The researchers identified requests from healthcare professionals to their leaders:

  1. Hear me.

  2. Protect me.

  3. Prepare me.

  4. Support me.

  5. Care for me.

HEAR ME

Healthcare professionals—including dialysis staff—may not always ask for help when they need it, despite a heavy workload and an unfamiliar assigned task. Leaders who do not know what help is needed can ask staff and acknowledge that they hear the needs. The article suggested:

  • Listening groups

  • Email suggestions boxes

  • Leaders visiting the treatment area

  • Assuring that staff are included in decision-making

How this might work for home dialysis

Dialysis providers focus a lot of attention on in-center treatment. But, home training nurses often work in isolation from in-center staff. For those who provide home training, pandemic- induced isolation may create an added sense of safety—or may feel like being alone with no backup. Dialysis clinic managers can ask home training staff what they need, and help to get those needs met. One way to do that might be to encourage home training staff in multiple clinics to collaborate with and support each other through media like Zoom, Microsoft Teams, etc.

Home dialysis patients need to be heard, too. Many are feeling anxious and depressed. They may not express their concerns, so reach out to them and ask what they need. Some may need suggestions for how to manage their emotions. Others have unmet instrumental needs because of financial strain. Dialysis social workers can teach patients coping skills and direct them to resources that may be able to address day-to-day needs. The dietitian can help patients stay healthy by suggesting what they can eat and how to get the exercise they need.

PROTECT ME

Healthcare workers may worry that their employer won’t take their needs for self- and family protection as seriously as they do themselves. To calm this fear, providers must do their best to source PPE, ensure that staff are trained in its use—and communicate alternatives if there are supply shortages. Assure staff that if they have symptoms, they will be able to get testing and obtain results soon enough to minimize the risk of exposing others if they test positive. Staff who are at higher risk due to age or pre-existing health conditions, and those who care for high-risk family members are likely to require accommodations.
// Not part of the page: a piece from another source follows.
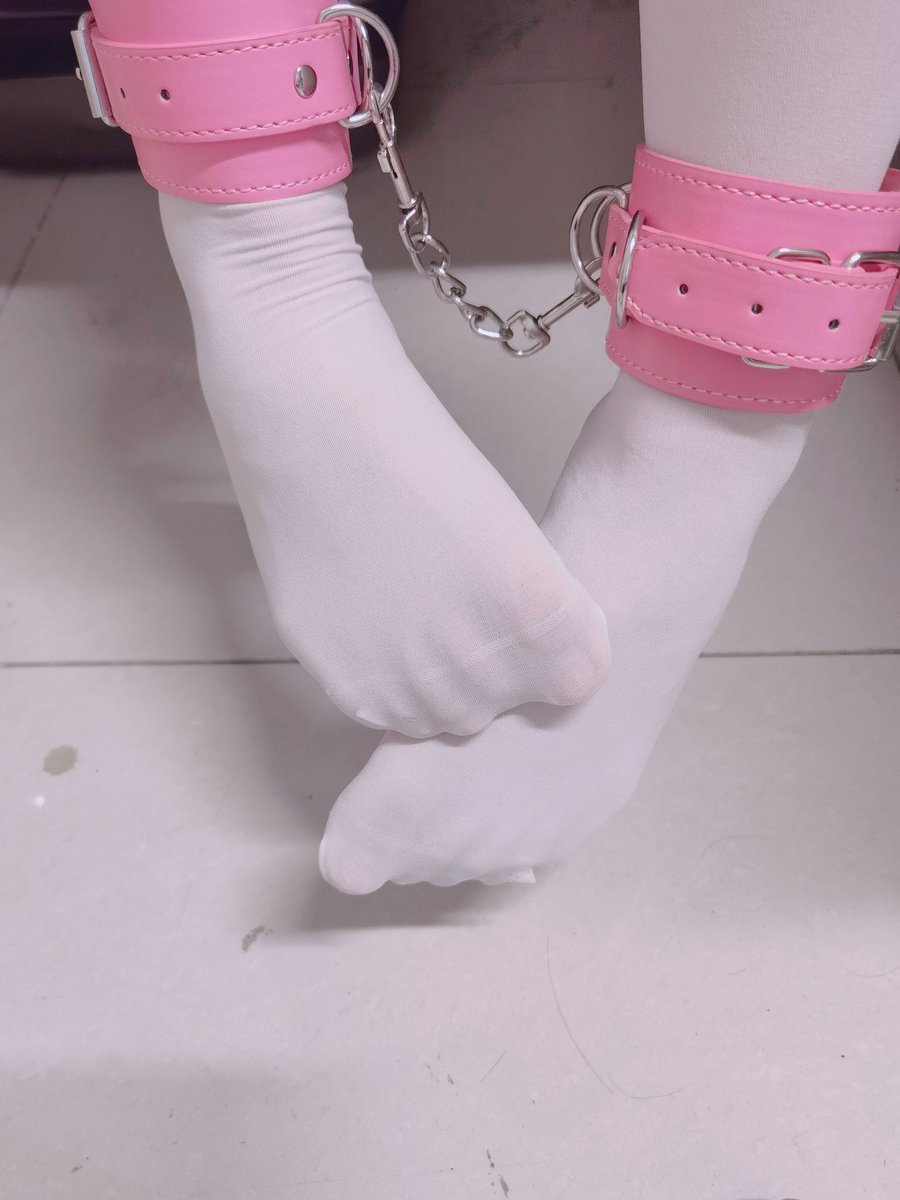 TokiToken007's tweet photo. 天气热，请大家吃雪糕 #镣铐 #脚铐 #足枷 #足錠 #白丝 #女囚 #女犯 #拘束 #拘束具 #sm https://t.co/rUSVbW2RQc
How might this work for home dialysis

Home training nurses as well as dietitians and social workers can communicate with stable patients via phone calls, Zoom, FaceTime, Skype, etc. HIPAA waivers during this pandemic allow healthcare staff to communicate using less secure modes of communication. Those who make decisions about who must work at the clinic need to take seriously concerns of staff whom the CDC says are at higher risk of serious complications if infected. Dialysis providers can ensure that physicians and other staff who work offsite have secure remote access to patients’ medical records for documentation of patient contacts.
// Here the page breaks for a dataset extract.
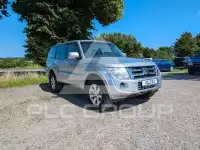 2012 Mitsubishi PAJARO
Dialysis patients know that they are at higher risk of complications if they contract this virus. Dialysis clinics can make telehealth a priority for stable home patients. When patients must come to the clinic for labs, medications, or to address a problem, implementprotocols such as these to reduce their risk: screen for symptoms, require masks, and schedule so home patients are in the clinic when no other patients are present, to help protect their safety.

PREPARE ME

No healthcare organization wants to send staff to an area for which they are not trained, but crisis sometimes require it. In this case, encouraging cooperation and task-trading, if necessary, can improve patient care and help staff see that everyone is in this together and can rely on and help each other. No one should have to make a difficult treatment decision alone. When there are not straightforward answers to direct decision-making, encourage staff to ask knowledgeable others for advice.

How might this work for home dialysis

Dialysis staff receive infection control training, and all should follow best practices. That said, the most frequently cited deficiencies on CMS surveys of dialysis clinics are for infection control breaches. When more dialysis patients had hepatitis, it was scary to work with them. Today hepatitis B is preventable through isolation and vaccination, and hepatitis C is treatable with medication. COVID-19 causes fear because there is no treatment yet, no vaccine to prevent it, and it can be lethal, especially to the vulnerable.
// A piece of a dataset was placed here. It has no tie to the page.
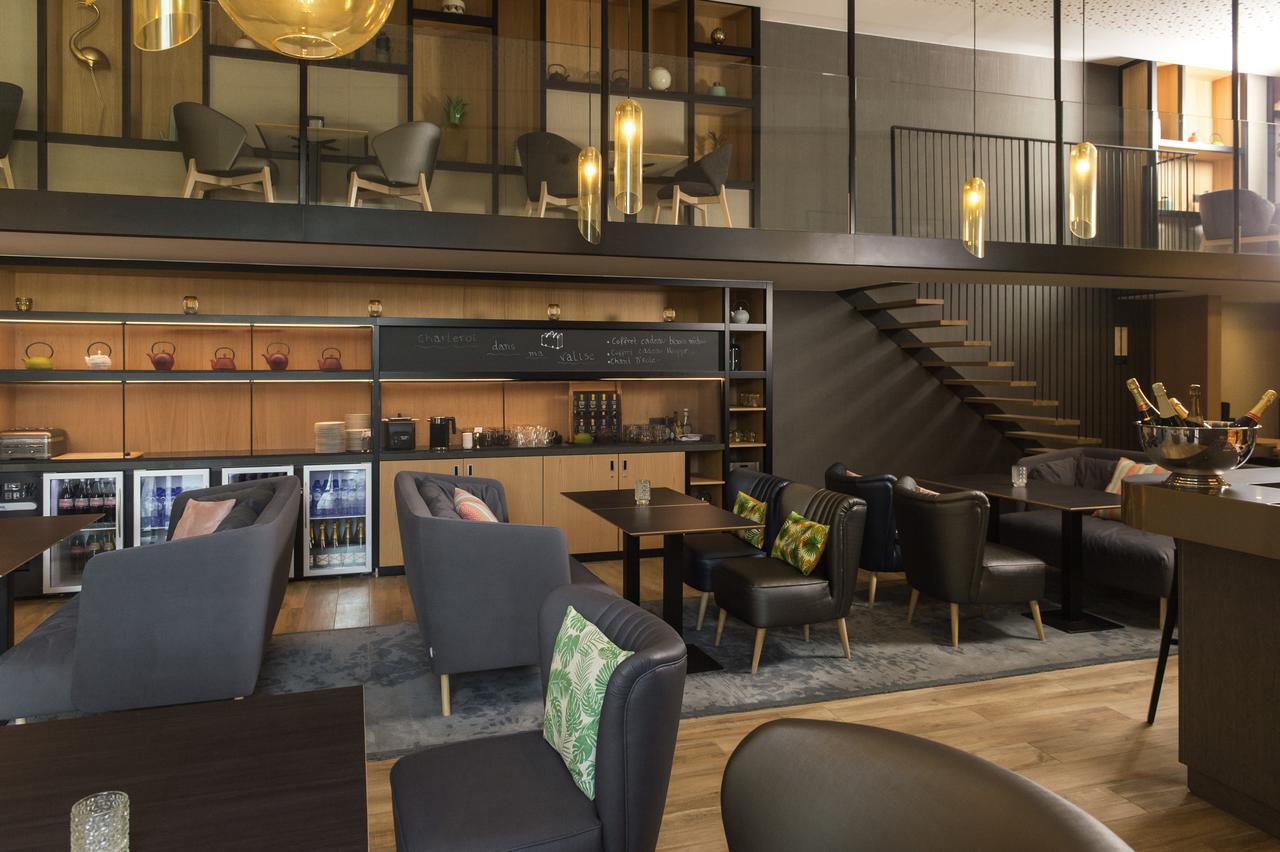Novotel Charleroi Centre Экстерьер фото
Dialysis staff—including social workers, dietitians, and administrative assistants who do not provide medical care—have been tasked to screen patients entering clinics for in-center dialysis and home clinic visits. If you are among them, you may fear being exposed or worry that you could allow a patient who is pre-symptomatic or asymptomatic to enter, exposing your coworkers and other patients. CDC Special Recommendations for Home Dialysis provide guidance for home dialysis clinics:

  • Use telehealth as much as possible.

  • Assess for symptoms before arrival at the dialysis clinic.

  • Advise patients of symptoms to watch for and how to protect themselves, assure that they have enough medications and supplies, and be sure they know how to reach you.

  • Plan ways to help patients keep in touch with loved ones and identify who can help with dialysis if a care partner is ill.

CDC screening recommendations provide further guidance:

  • IF there is a physical barrier between a patient and screener, screeners should wear a face covering—but do not need full PPE.

  • If a screener must be within 6 feet of a patient for brief interactions, s/he should wear an N95 (or medical-grade) facemask, gloves, and eye protection. A gown is needed as well, for longer interactions.

Screening may not identify all who have this virus, so protection measures need to account for this possibility.

SUPPORT ME

The increased workload and changes in work hours for those caring for COVID-19 positive patients and patients under investigation (PUI) can increase staff stress. The JAMA article recommended that healthcare organizations provide nutritious food, hydration, and even transportation for sleepy staff, lodging for those traveling long distances who are working rapid-cycle shifts, and help with childcare with children out of school due to stay-at-home orders. The authors suggested providing emotional support to staff in-person and through webinars on topics such as self-care, overcoming anxiety and insomnia, and supporting each other. Staff should also have access to counseling.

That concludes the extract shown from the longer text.